Along with being a long-distance runner (she organizes an Indigenous Women’s running group called KwePack), Sarah is a renowned artist, founder and owner of Heart Berry on the Fond du Lac Reservation in Minnesota, an Eighth Generation Inspired Natives Project Collaborator, published poet, educator, speaker and a mother.
Since becoming an Inspired Natives Collaborator in 2014, the Eighth Generation team has helped Sarah turn her traditional Ojibwe designs into 20+ products, ranging from blankets to jewelry and accessories. Most recently, Sarah created a new design specifically for Eighth Generation’s collection of Native-made wool textiles! Based on Ojibwe loom designs, Sarah’s “Crossings” Scarf merges tradition and technology in beautiful red and beige yarns.
Sarah was sewing, beading and determined to sell her art ten years before meeting Eighth Generation Founder and CEO Louie Gong. “I was that girl walking around with the bead work and selling out of my Honda Civic in busy parking lots,” Sarah says.
Originally operating as “House of Howes” – her one-woman custom beadwork and regalia business based in her kitchen – Sarah later rebranded to Heart Berry, shifting the focus away from her and onto the brand’s goals like community care.
“Heart Berry (the Ode'imin) has always felt right,” Sarah says. “I use the heart berry all across my art, with running and throughout my life. It’s all about the story of the heart.”
In the past year, Heart Berry has employed other women and built a work facility. Sarah’s go-getter attitude has propelled her since childhood – you’d often find her conducting lemonade stands, walking people’s dogs or delivering newspapers to save up money. With Heart Berry and her Eighth Generation collaborations, she pursues an additional currency: respect from her community.
In fact, when Duluth Pack welcomed a visit by Ivanka Trump and other top federal officials in July 2020, Heart Berry took a stand against the canvas and leather bag company. Heart Berry shared concerns about the administration’s deployment of federal agents into communities during peaceful protests, as well as actions against the environment. Heart Berry had recently created custom bags with Duluth Pack but, in ending their collaboration, donated all remaining bags to Life House, a facility that provides support for homeless and transitioning youth. Watch Heart Berry’s official statement below:
The day after Heart Berry’s Duluth Pack decision, an elder from down the road stopped by Sarah’s house to thank her. “My girl, my girl,” the woman said. “I’m so proud of you!” Sarah notes this moment as one of the times where she truly felt validation and success.

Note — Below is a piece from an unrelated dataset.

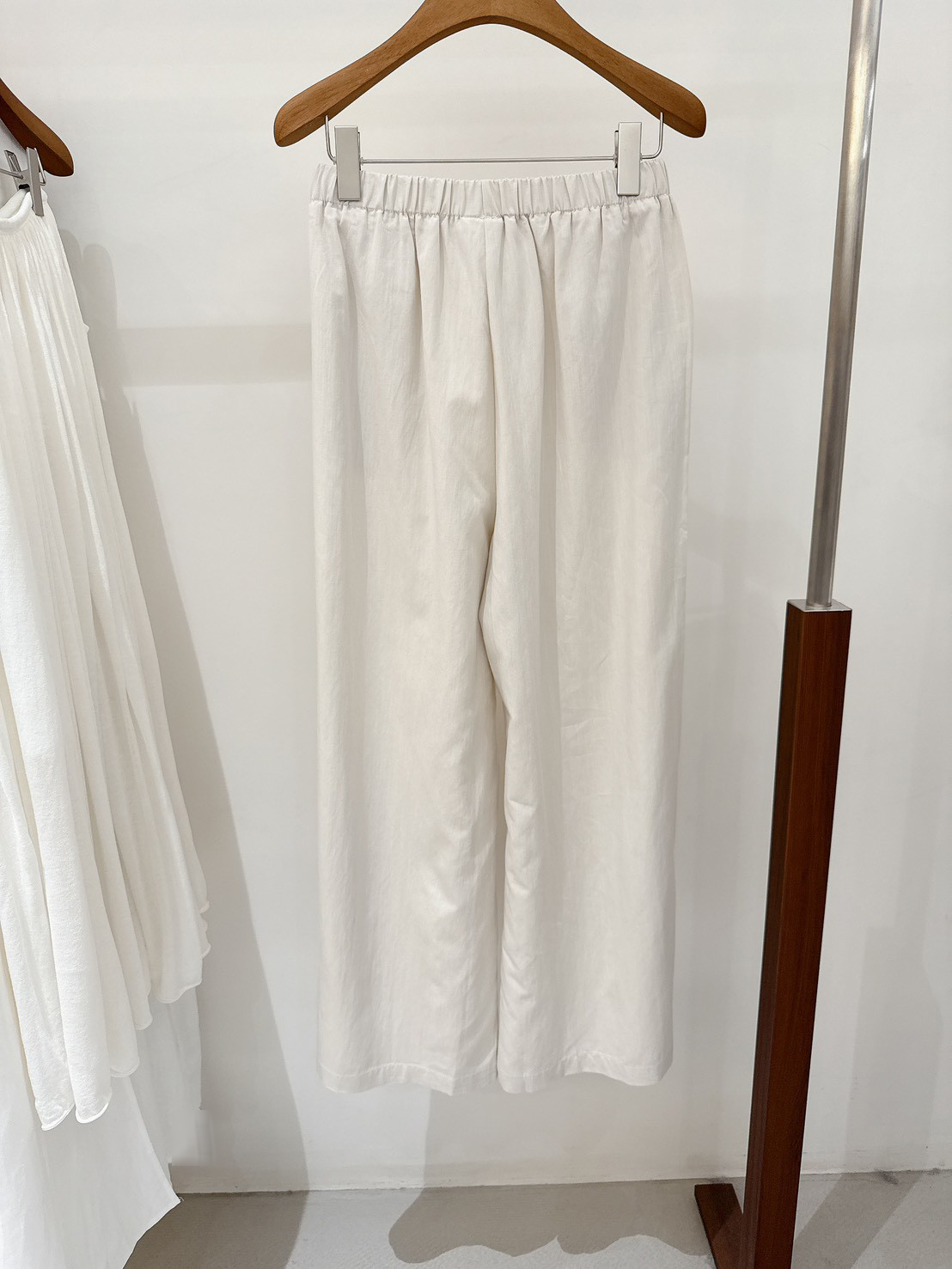 A10.圍裹可拆田園風寬褲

“This is the kind of thing where I realize I can still do this business and align with the values important to me and the people in my community,” Sarah says. “Heart Berry is a business but also a way of life.”

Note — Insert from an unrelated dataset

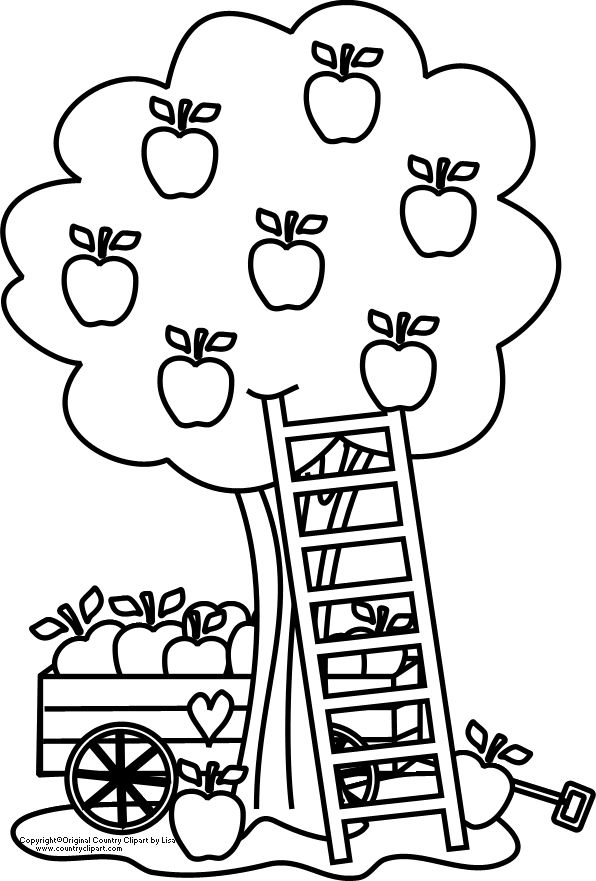 88 Tree Coloring Pages for Kids Printable 49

Sarah’s success helps show her children what is possible. Though she acknowledges her entrepreneurial path as back and forth thoughts of I suck and I’m awesome, her kids believe in more opportunities than Sarah ever did at their age.
“My children aren’t just growing up on the Rez but growing up knowing who they are, with intention and culture,” Sarah says. “My daughter once said she wants to be an author and I encourage her to pursue dreams like that. I had to seek this all out – for them it’s more normal.”
Everything Sarah bought for her growing business began with an $800 Cobell settlement payment along with years of dedication, hard work and wise investments. She says she’s still rolling this money over and making it mean something.
“All we can do in this life is take the seed and grow it,” Sarah says, trailblazing ahead. “I’m not done learning yet.”